## DATA BLOCK
☆ ☆ ☆ ☆ ☆ ☆ ☆

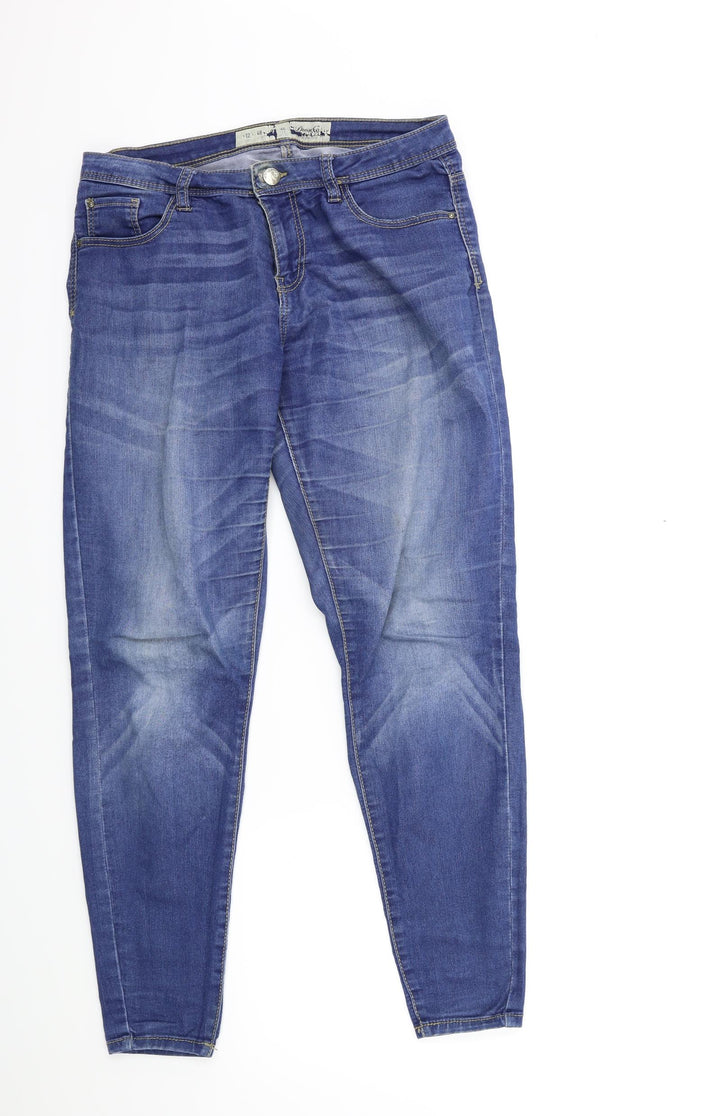 Denim & Co. Womens Blue Denim Skinny Jeans Size 12 L27 in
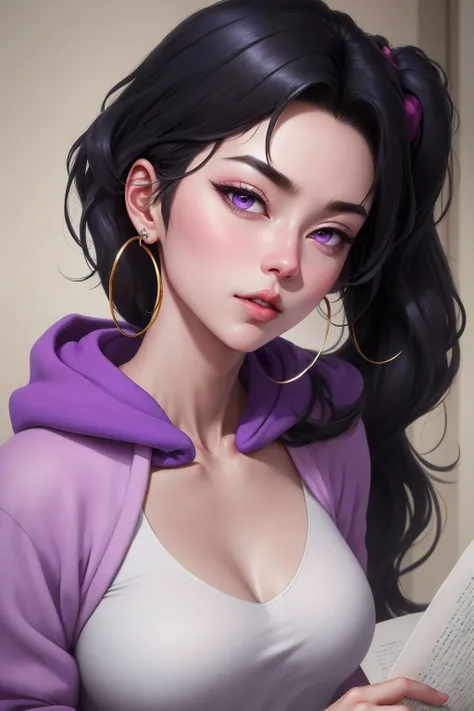 { - anatomy error} (Masterpiece - Ultra-detailed, very high resolution) , absurdities, Hinata(Boruto), 1girl, alone,Mature female, Purple hood, layered white sleeves, jeans, perfect composition, full lips, big chest, beautiful face, body proportion, blushi...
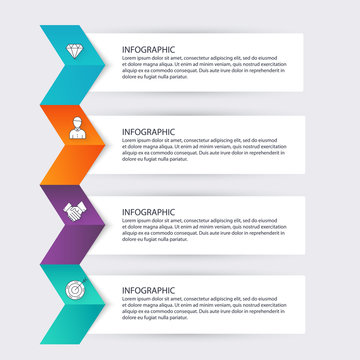Vector colorful info graphics for your business presentations. Can be used  website layout, numbered banners, diagram, horizontal cutout lines, web design.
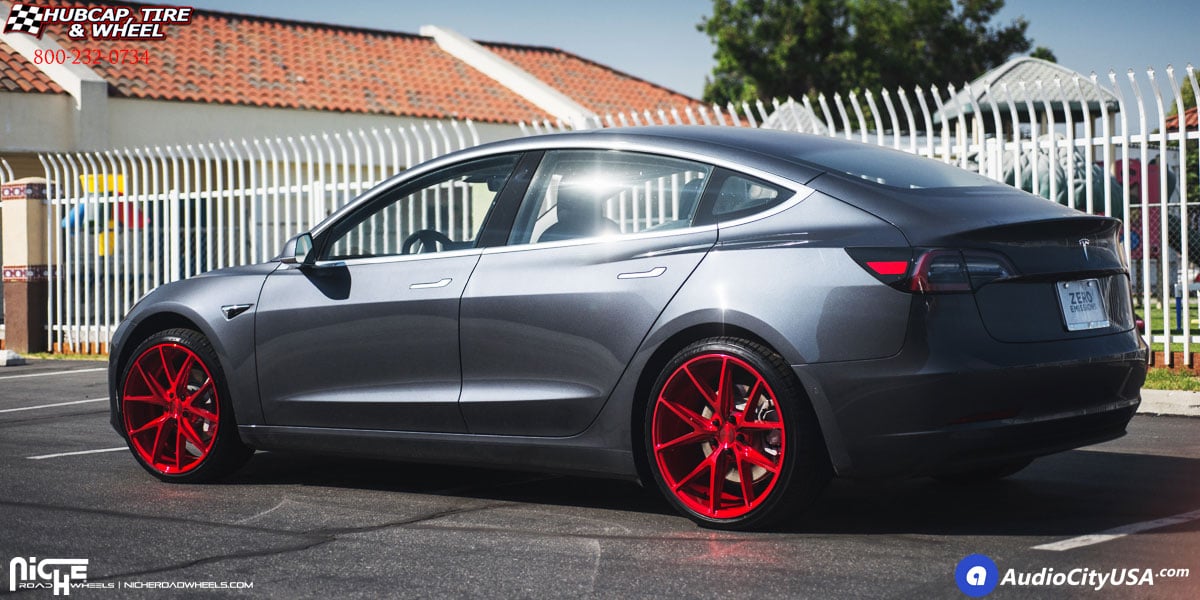 vehicle gallery/2018 tesla model 3 niche m186 misano candy red 20x9 custom aftermarket  Candy Red wheels and rims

☆ ☆ ☆ ☆ ☆ ☆ ☆

The output should be the material above, copied exactly, without its pictures.

 Denim & Co. Womens Blue Denim Skinny Jeans Size 12 L27 in
 { - anatomy error} (Masterpiece - Ultra-detailed, very high resolution) , absurdities, Hinata(Boruto), 1girl, alone,Mature female, Purple hood, layered white sleeves, jeans, perfect composition, full lips, big chest, beautiful face, body proportion, blushi...
Vector colorful info graphics for your business presentations. Can be used  website layout, numbered banners, diagram, horizontal cutout lines, web design.
 vehicle gallery/2018 tesla model 3 niche m186 misano candy red 20x9 custom aftermarket  Candy Red wheels and rims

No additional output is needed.